Gamestop Share Price Chart

The feeding frenzy began in a Reddit user forum called r/wallstreetbets. GameStop’s stock was already on the rise as a result of bringing some high-profile new board members to the company. GME had fought back from $4 a share to over $43 on January 21, 2021. That’s when r/wallstreetbets readers colluded with other readers to drive the stock price up. I don’t use the word “collude” loosely. If I called a few friends in the business and said, “Let’s all buy GameStop,” I would be put in jail. Yet somehow, it’s currently ok for someone leading an online discussion forum to get their subscribers to purposefully manipulate a stock’s price in order to hurt hedge funds who were shorting the company’s stock.

Gamestop Share Price

On January 22nd, the stock closed at $65 a share, up over 50%. The real buying happened the following week, with the peak frenzy being on January 28th. GME had closed at $347 the day prior. It opened at $265, down 23%. It rallied as high as $483 before finishing down at $193. Now that the dust is settling, GME is trading slightly higher than where it was before this whole hype.

If you hear about from Reddit viewers is how much money they made on GME. My guess is, very few people made any money trading GameStop. Ask the person that bought in the 470 to 480 range, thinking that the stock was just going to continue to go up. The stock is now trading at $52 per share. That’s almost a 90% loss. While r/wallstreetbets may have hurt some hedge fund managers, they really hurt the underlying investor.
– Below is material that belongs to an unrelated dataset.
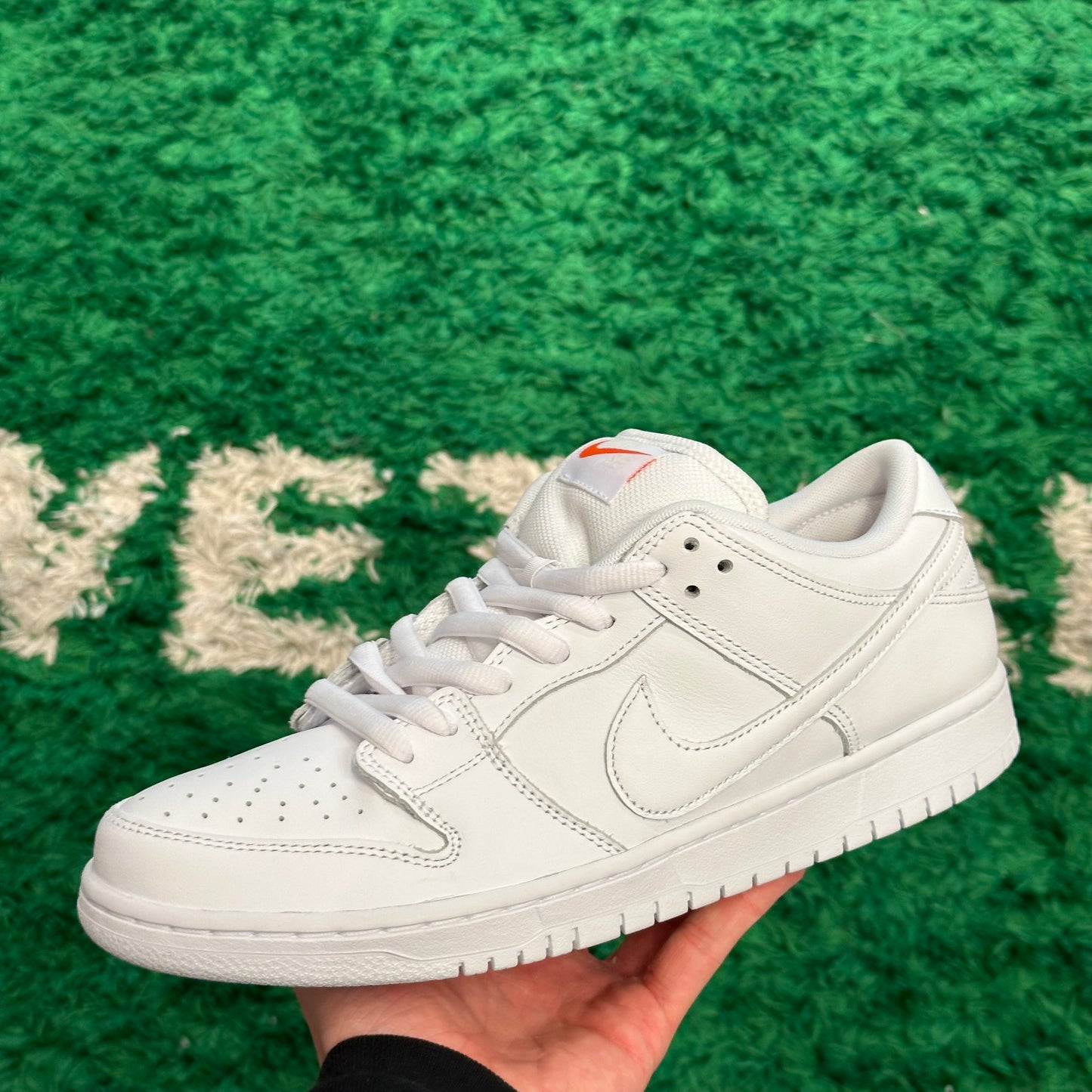 Nike Dunk Low SB Triple White Size 9.5 (New)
Someone like you or me. And then there is the average r/wallstreetbets investor left holding the bag, owning GME stock significantly above the current price wondering what to do.
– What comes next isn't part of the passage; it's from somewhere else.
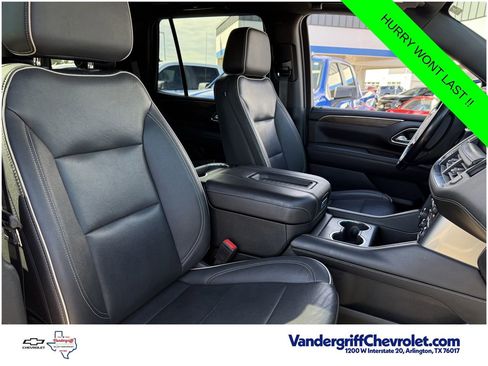 Used 2022 Chevrolet Tahoe Premier w/ Texas Edition RWD image 22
We received many phone calls and emails asking if Reddit was having an impact on their portfolios. The quick answer was “no.” It had no direct impact on any of your investments. There is a bigger underlying issue.
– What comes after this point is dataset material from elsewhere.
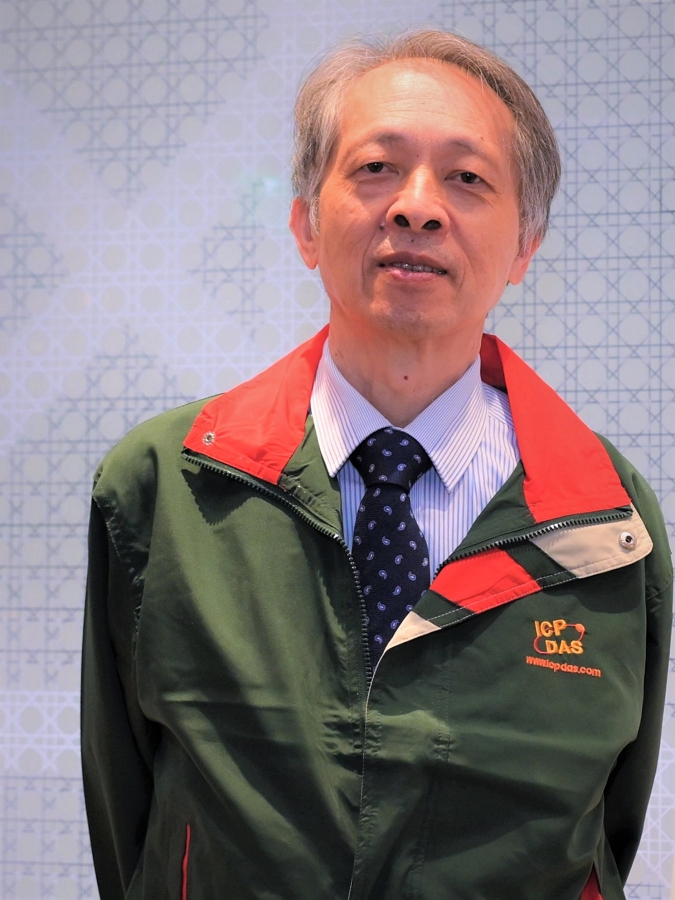 泓格科技總經理鄭樹發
If there are no consequences to social media making up their own rules, colluding, and manipulating stock prices for smaller companies, then the integrity of the market could come into question. Right now, the Reddits and Robinhoods of the world don’t have enough clout to significantly move the price of bigger companies. For example, GameStop traded less than $100 million in share value a day for almost all of the 4th quarter of 2020. That’s considered to be a thinly traded company. Apple, on the other hand, trades about $12 billion in share value every day. You’d have to have a lot of money to manipulate Apple’s stock price. While there is a thin line between making an investment recommendation and colluding with your investor base, new rules and closer monitoring has to occur to protect the integrity of our markets.